### WHAT IS EXPECTED
Return the complete listing exactly as it reads, with each picture removed.

### COLLECTED MATERIAL
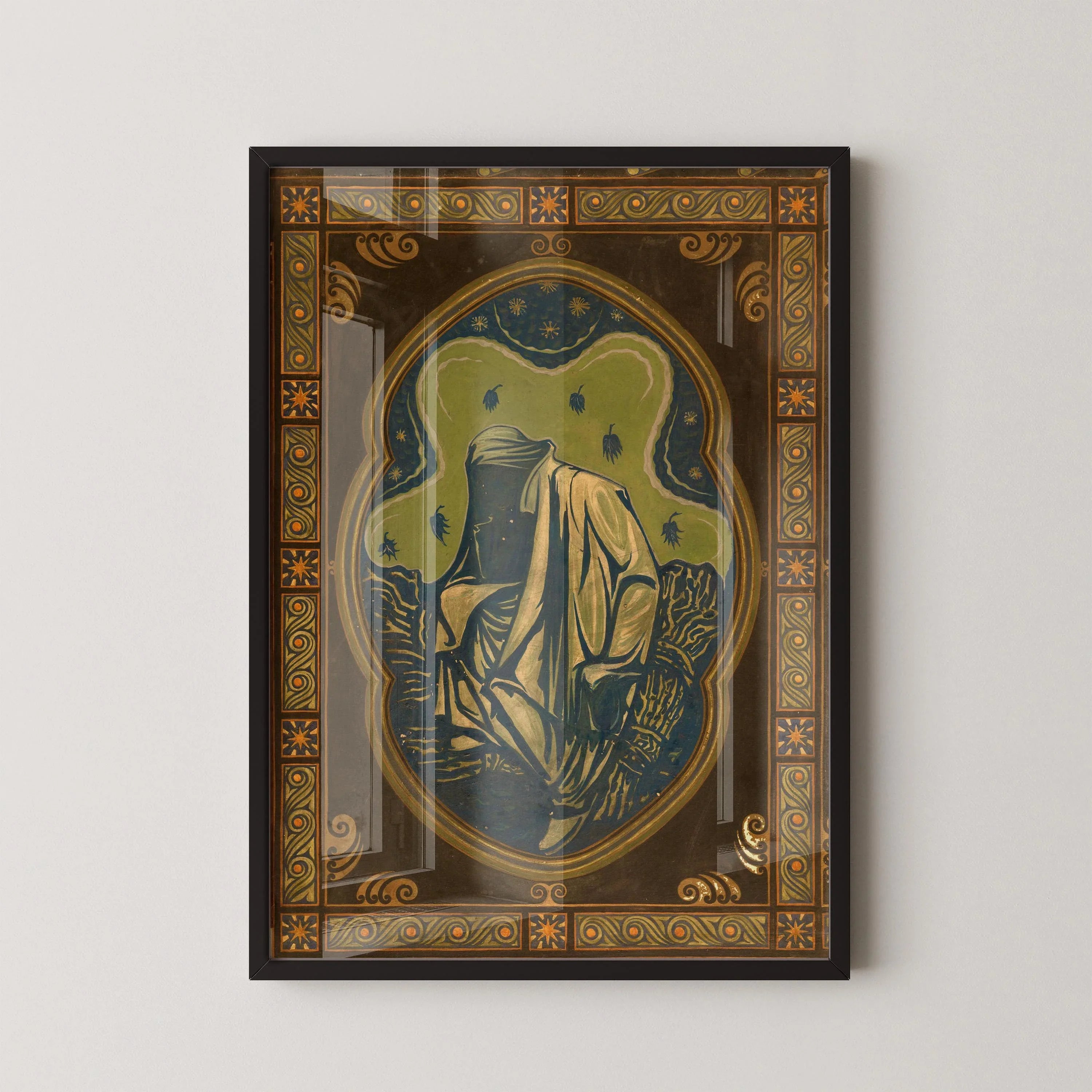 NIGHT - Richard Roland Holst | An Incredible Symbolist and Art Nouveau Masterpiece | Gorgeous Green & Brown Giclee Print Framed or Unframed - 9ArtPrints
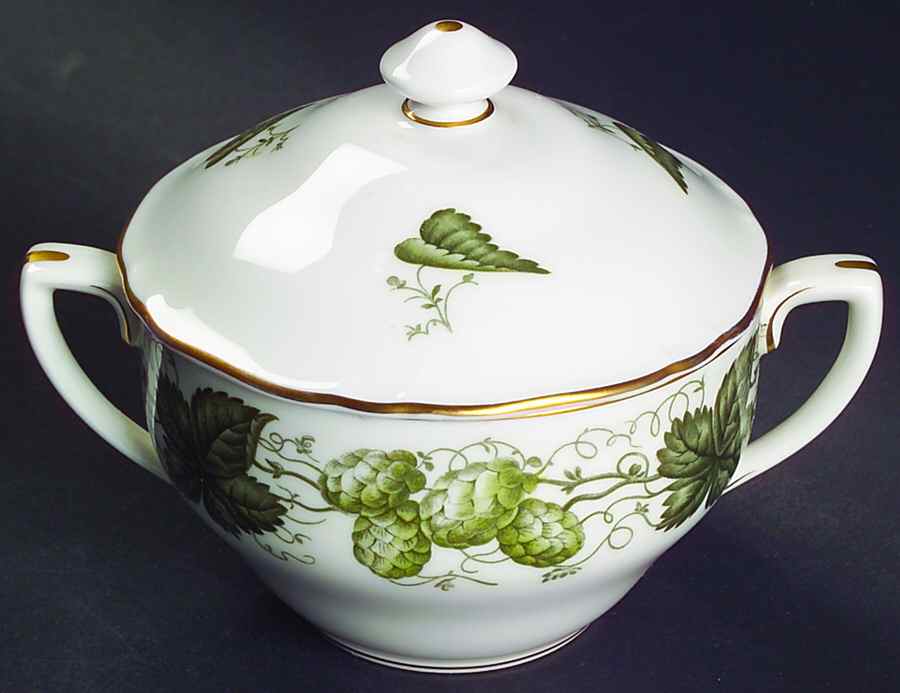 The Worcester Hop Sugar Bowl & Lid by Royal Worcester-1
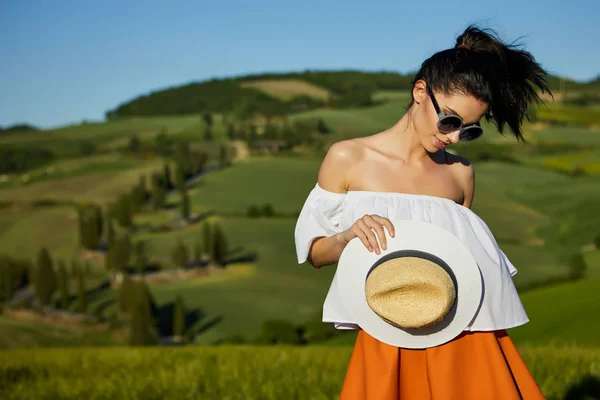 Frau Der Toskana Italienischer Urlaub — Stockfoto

### SOLUTION BELOW
 NIGHT - Richard Roland Holst | An Incredible Symbolist and Art Nouveau Masterpiece | Gorgeous Green & Brown Giclee Print Framed or Unframed - 9ArtPrints
 The Worcester Hop Sugar Bowl & Lid by Royal Worcester-1
 Frau Der Toskana Italienischer Urlaub — Stockfoto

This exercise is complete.